In 2012, the Advance Authority Ruling (AAR), Delhi, directed Castleton to pay MAT in India on its book profits, when the company transferred shares from a Mauritius entity to one in Singapore.
 

RELIEF FOR FIIs
  • AP Shah panel has recommended that FIIs be granted relief on MAT
  • Government is favourably considering the recommendations
  • Government would consider the Shah panel report when the Castleton case is heard in the Supreme Court
  • 95% of FIIs which had received MAT demand notices had approached the dispute resolution panel or high courts


The income tax department had sent notices to 68 FIIs, demanding Rs 602 crore as MAT dues for earlier years.

To resolve the issue, the government formed a panel headed by Law Commission Chairman A P Shah. The panel also had former chief economic advisor Ashok Lahiri and chartered accountant Girish Ahuja.

The crux of the issue was whether the government would waive MAT prior to April. From the current financial year, MAT is anyway not applicable to foreign portfolio investors.

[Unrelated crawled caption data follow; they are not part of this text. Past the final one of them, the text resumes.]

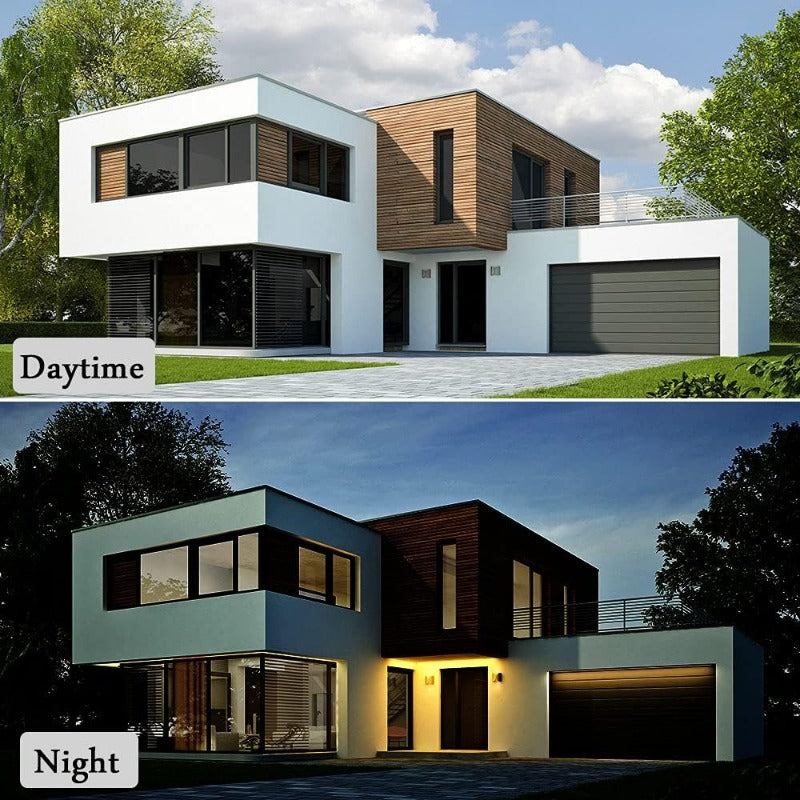 Daytime Privacy Window Film Electrostatic Self-Adhesive Mirror Thermal Control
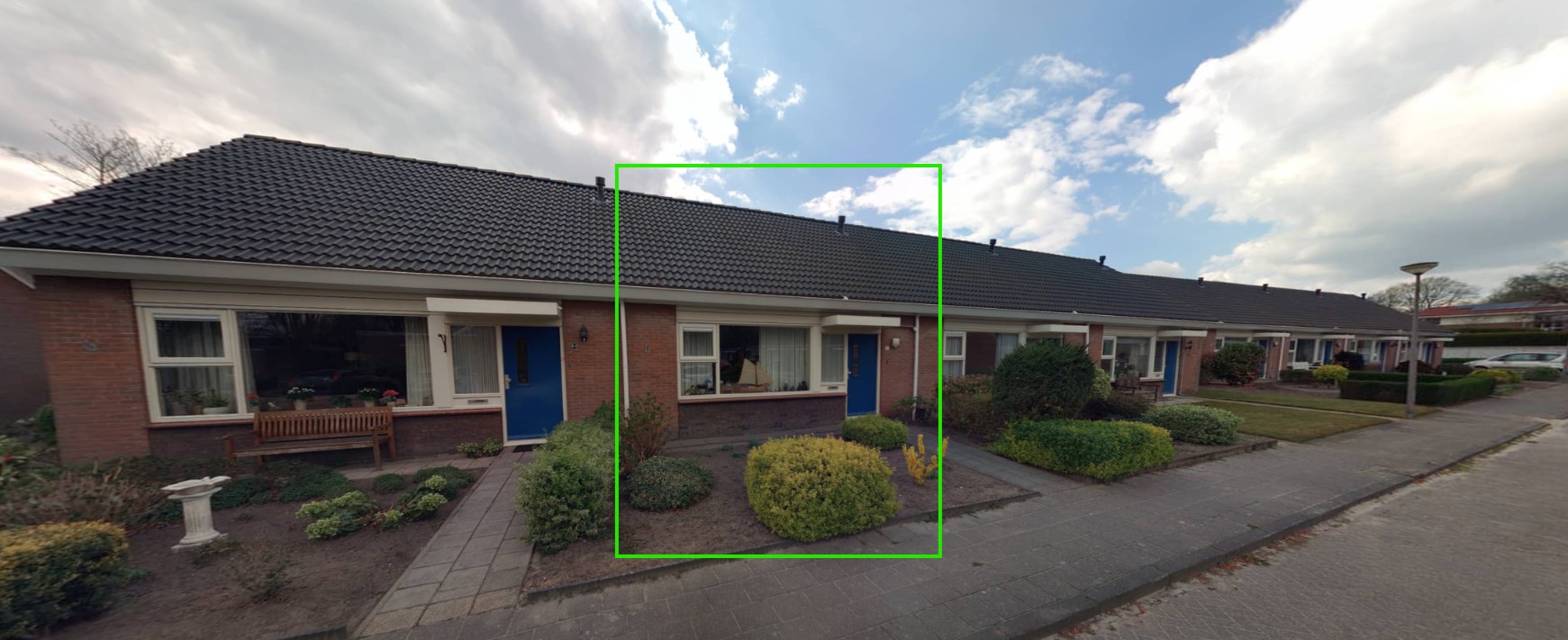 Tienkampen 32, 9481 CS Vries, Nederland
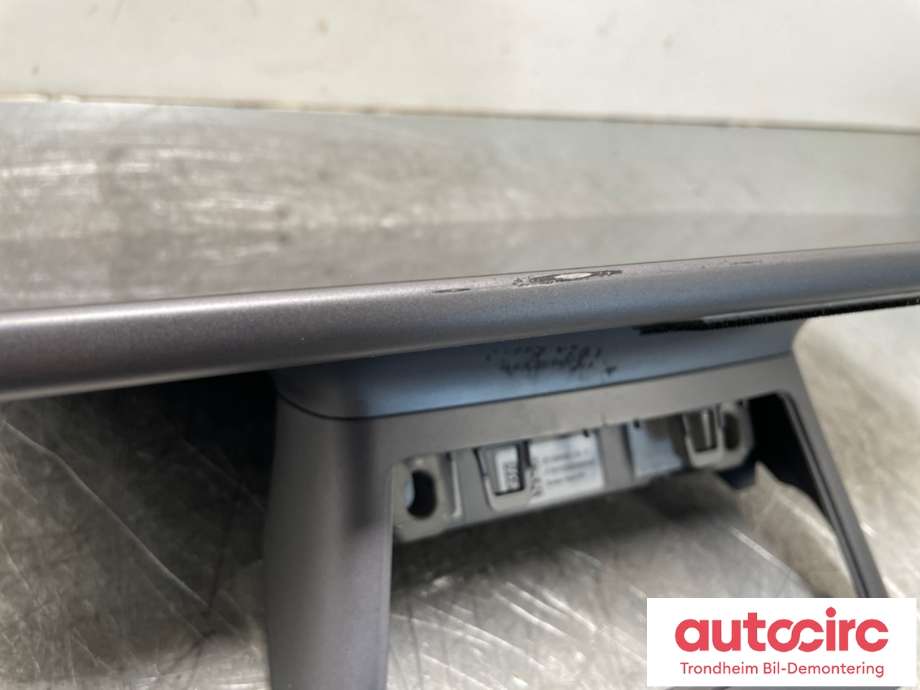 Multimedia display (MCU - Media Controller Unit) til Tesla Model Y 2021-2024 (Type I)  (TESLA|1089543-02-J|)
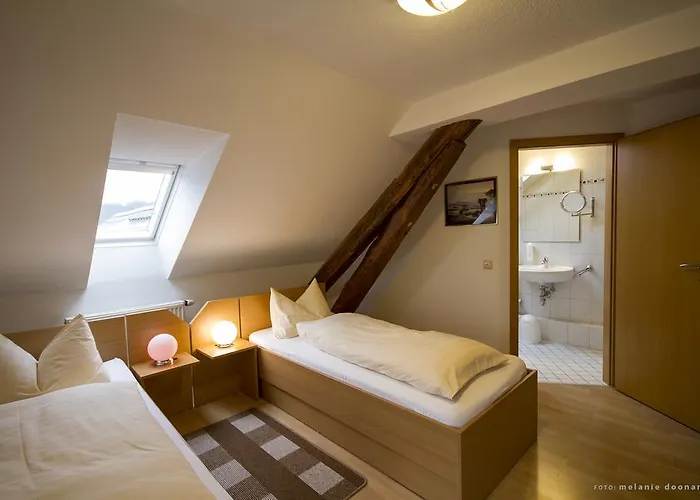 Hotel Hotel-restaurant Haus Berger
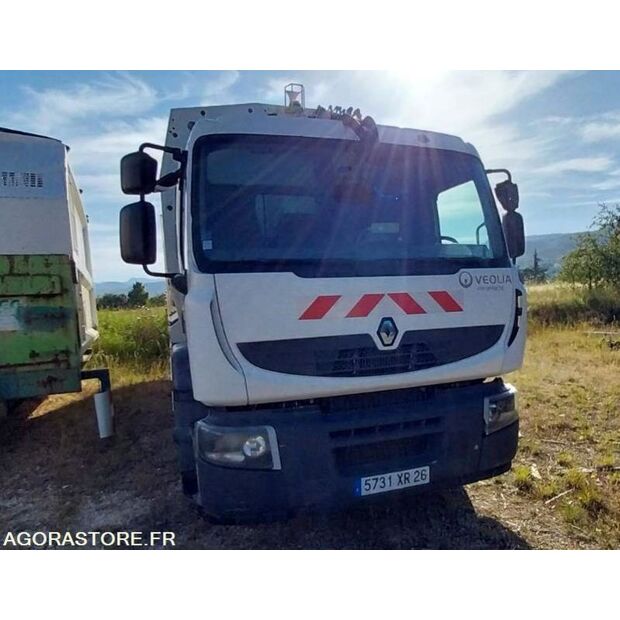 2007 Renault PREMIUM-48080547
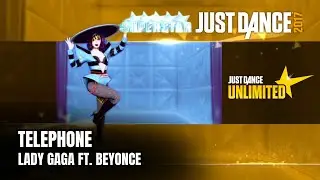 JD Legacy - Telephone by Lady Gaga Ft. Beyonc&eacute; SUPERSTAR!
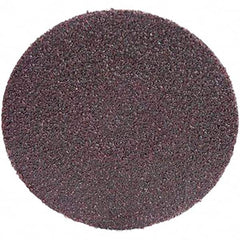 3M - 2" 80 Grit Aluminum Oxide Quick Change Disc - Exact Tool & Supply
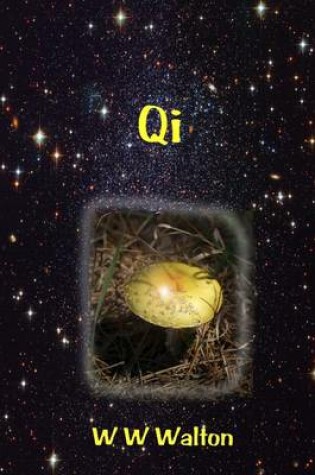 Cover of Qi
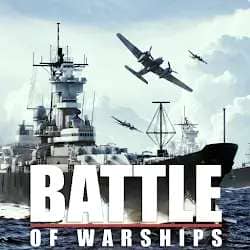 Battle of Warships Naval Blitz MOD APK Unlimited Money 1.74.12 icon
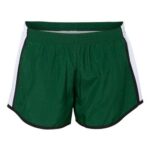 Women's Pulse Team Running Shorts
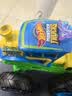 风火轮（HOT WHEELS）（随机一款）男孩玩具车模生日礼物-风火轮狂野大脚六轮系列HWN86 实拍图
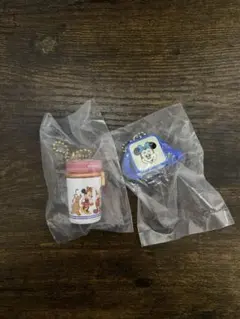 Disney SERIES CREATED by MUS バッグコレクション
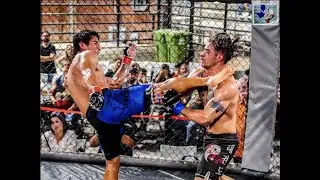 Texas Clash Fight Night XX MAIN EVENT WITH NASTY HEAD KICK WIN FT Robert silguero vs Jonathan Jasso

Industry has argued the provisions of MAT under the income tax Act are aimed at taxing companies that are required to prepare their profit-and-loss accounts according to the Companies Act. Additionally, foreign investors do not have a fixed place of business in India and, therefore, don’t have to maintain books of account according to the Companies Act.

Suresh Swamy, partner, PWC, said Friday’s clarification effectively rendered the FII-MAT debate closed. “From the perspective of FIIs, the bigger issue gets off the table on the liability of MAT and from a foreign corporate perspective, it is only the Castleton case that has so far been embroiled in the MAT liability issue. If the government accepts the position, it will nip the issue in the bud,” he said.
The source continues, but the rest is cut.